Most letters discuss social plans; a few hint at politics as a chief topic of conversation between the two; and various domestic niceties are mentioned--Hattie's new telephone in December 1884 and the couple's plans to furnish a house in 1886. Of special interest, however, are the letters from Hattie as she traveled to various locations around the country before and after her marriage. In July and August 1885, letters describe a trip west that Hattie took with her father, stopping in Minneapolis, Yellowstone National Park, and Colorado Springs. In March 1886, Hattie wrote from Atlantic City, N.J., describing in detail its function as a society watering hole. In July and August 1886, Hattie, her father, and, possibly, her brother, made another trip west, this time stopping in Yosemite National Park and various California locations, including San Francisco, from which they traveled north by steamer, stopping in Washington Territory and proceeding to Alaska, where they viewed glaciers and other attractions.
After their October 1886 marriage, there are letters from Hattie to Henry as he traveled on business and as she visited relatives and summered at mountain resorts with baby Donald (born 1887).
Also included is a 1892 night letter from William Gilpin in Colorado to Bernard Gilpin requesting that Bernard travel to Colorado to consult with William on unspecified matters.
Chiefly letters relating to Kenneth Newcomer and Isabella Tyson Gilpin. The earlier item is a 1909 letter of reference for Isabella from the East Tennessee Institute, where she had been a student for nine years. From 1912 to 1913, there are a few family letters to Kenneth's brother Donald. Letters to Kenneth about Virginia politics begin in 1915, and include one with a lengthy argument in favor of opening a women's college in Charlottesville. In 1916, there are many items relating to the operation of Scaleby, the family estate near Boyce, Va., and several from Isabella to Kenneth about her social activities in Knoxville and New York. Almost all materials in 1917 are notes from Isabella to Kenneth, but also included is an extensive horoscope for Isabella, probably cast in anticipation of her April 1918 marriage.
There are few items directly relating to the marriage of Isabella and Kenneth Gilpin, although there are quite a few congratulatory notes to the couple on their engagement announcement in February 1918. By June 1918, letters show that Kenneth was already receiving flying instruction with the United States Naval Flying Corps, and, by September, he was in France, from where he wrote extensive descriptions of his activities. In October 1918, there are several items having to do with the death of Isabella's brother Charles McGhee Tyson in a seaplane accident off the English coast. Letters also show that, during this time, the Gilpin land in Virginia was managed by Ralph M. Ware, assistant cashier at the First National Bank in Berryville, Va., and Milton S. Pyle, who apparently was on the property.
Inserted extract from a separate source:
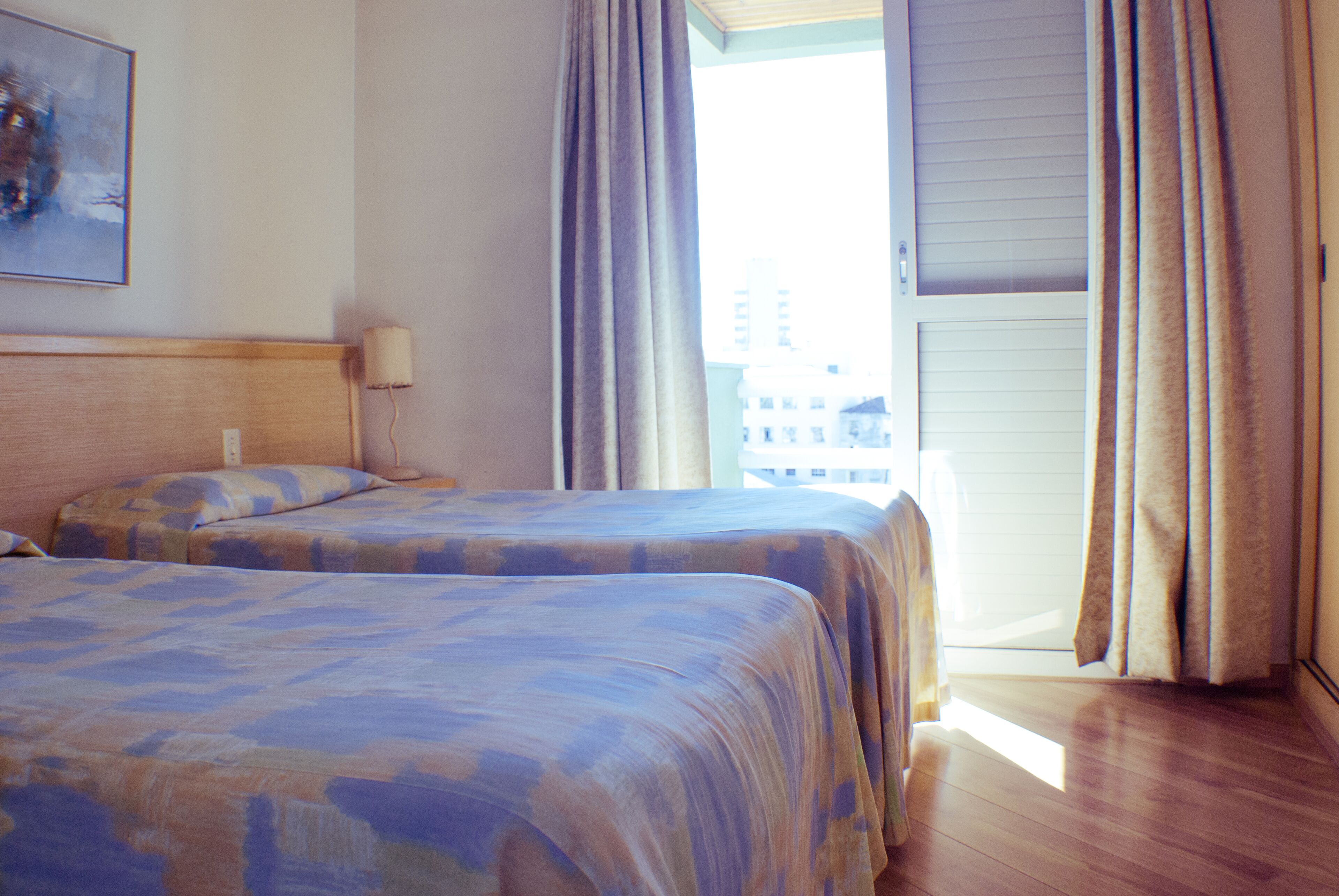 Bela Vista near Hospital do Câncer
By May 1919, Kenneth had returned from the war, and the couple had settled at Kentmere, an estate adjoining Scaleby. From September 1919 until his withdrawal on 13 January 1920, there are many items relating to Kenneth's campaign for the speakership of the Virginia House of Delegates on a platform supporting the abolition of the Virginia Prohibition Department, an administrative unit that Kenneth believed unnecessary. The last letter relating to politics is dated 12 May 1921.
Also included around 1919 through the 1920s are a few letters to Isabella from her father Lawrence Davis Tyson.
Letters show that, by 1922, Kenneth and Isabella had retired to the farm to raise cattle and horses. During the 1920s, there is mostly material relating to farm and family life. Beginning in 1923, there are many letters registering and transferring stock through the American Guernsey Cattle Club. In April 1927, there is mention of Isabella's election as queen of the Shenandoah Apple Blossom Festival in Winchester, Va., a topic that is thoroughly covered in clippings in Series 3. The small amount of material from the 1930s relates chiefly to family affairs, the couple's three children becoming active during this period: McGhee Tyson, called Tyson, born in 1919 and attending St. Paul's School in Concord, N.H.; Kenneth Newcomer Junior, called Kay, born in 1923; and Bettie Brooke, born in 1935.
Letters show that the Gilpins moved from Kentmere to Scaleby sometime in the late 1930s or early 1940s and started concentrating on horse rather than cattle breeding. In the early 1940s, there are letters from Tyson at Princeton, but by 1942 he is writing about military life from the 3rd Coast Artillery Training Battalion at Fort Eustis, Va. In 1943, most letters were written to Isabella by Kenneth, who apparently was training airmen, first at the Newport Army Exchange in Newport, Ark., and then from the headquarters of the Second Air Force in Colorado Springs, Colo. These letters stop in February 1944, when Kenneth seems to have returned home. War letters continue, however, from Tyson in England and France and Kay in the Pacific through 1945.
The few post-war letters chiefly relate family news. They are frequently from to Isabella from her grandchildren or from daughter Bettie.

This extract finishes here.